Background
Obadiah Moses Brown was born on July 15, 1771 in Providence, Rhode Island, the only son of Moses Brown and Anna (Brown) Brown.
Obadiah Moses Brown was born on July 15, 1771 in Providence, Rhode Island, the only son of Moses Brown and Anna (Brown) Brown.
Obadiah was sent by his father, who had become a Quaker in 1774, to the Friends' Yearly Meeting School at Portsmouth, Rhode Island, in 1787, but this institution closed in October 1788, because of lack of funds, after four years of existence. Obadiah had almost no other formal schooling, but went directly into business. About this time his father formed a firm, consisting of William Almy (Moses Brown's son-in-law), together with Slater and Smith Brown, whose place was taken in 1792 by Obadiah Brown.

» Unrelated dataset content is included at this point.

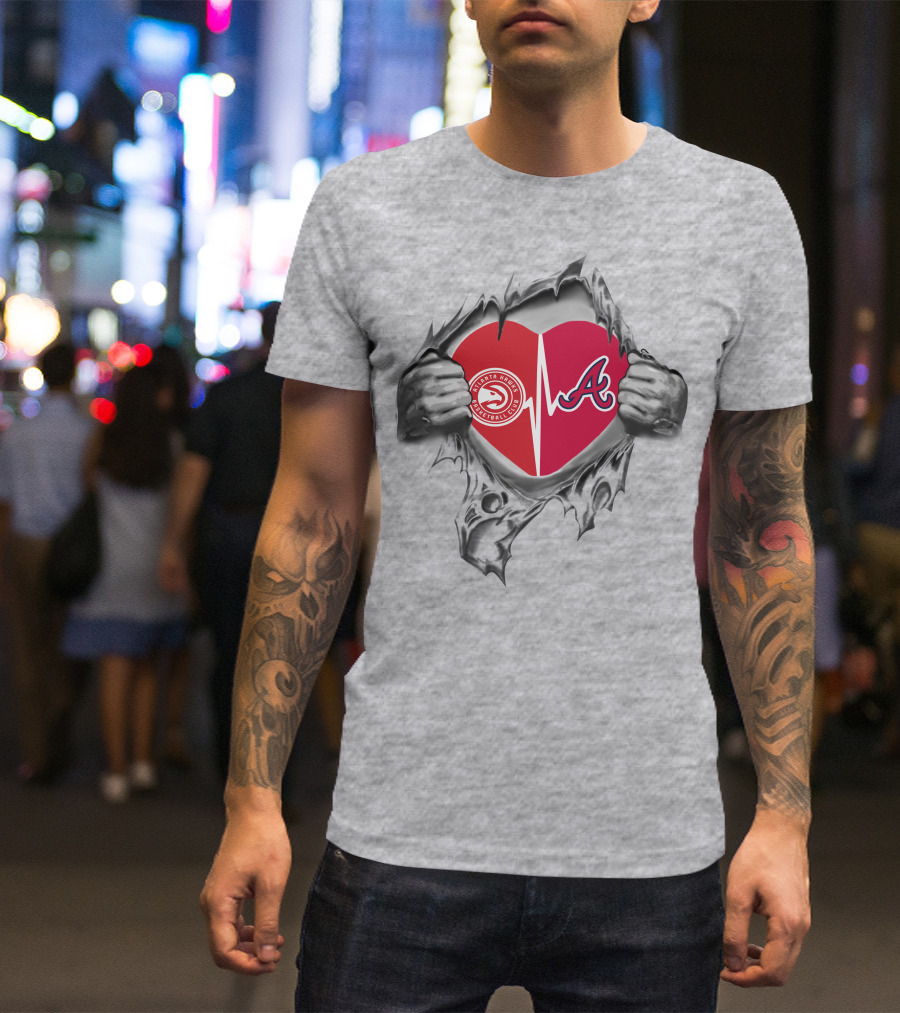 Atlanta Braves Hawks Heartbeat Logo In Torn Fabric T-Shirt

This company, known later as Brown & Almy, produced the first pure cotton goods made in the United States, all the previous warps having been linen. The Brown mills, located at Pawtucket, were immediately prosperous, and the Embargo Act of 1808 furnished an additional stimulus to manufacturing, whereby Obadiah Brown and his partners accumulated a considerable fortune.
When, early in the nineteenth century, it was proposed to reestablish the Friends' Yearly Meeting School, the Brown family took up the project. In 1814 Moses Brown offered a suitable tract of land, located in Providence, and when, in 1815, subscriptions were solicited, Obadiah Brown contributed $2, 000 for construction, $500 for furnishings, and $1, 000 annually for five years toward the school's maintenance.
Obadiah Brown and William Almy took the contract for erecting the main hall, and the former drove every day in his chaise to superintend the laborers. In 1817, when the available funds were exhausted, he and Almy agreed to provide half of the additional $7, 500 required, on condition that other Friends supply the remainder. The stipulation was met, and the building was completed.
After the school was formally opened in 1819, Obadiah and his wife, Dorcas, regularly attended meeting there, and it became his custom to present each scholar at graduation with a book as a token of his personal regard. Although his father was actually treasurer of the school, Obadiah watched over its affairs with a zealous care as a valuable member of the school committee.
When he died in 1822, after a brief illness, he left to the school the sum of $100, 000, the largest single bequest made to any institution of learning in the United States up to that time, and also a fine library of books and maps. The will, signed in 1814, was drawn up in his father's handwriting. The school thus founded has grown and prospered, and in 1904 was renamed the Moses Brown School.
The original building, since much enlarged, still stands as the central feature of the campus. Personally Brown was gracious and urbane, with an unostentatious and conciliating manner. When decisions were made, he was firm in standing by them, but he instinctively tried to avoid disputes.
Deeply committed to the Quaker doctrine calling for the abolition of slavery.
Brown was a member of the Society of the Abolition of Slavery and the Society for the Free Instruction of the Blacks.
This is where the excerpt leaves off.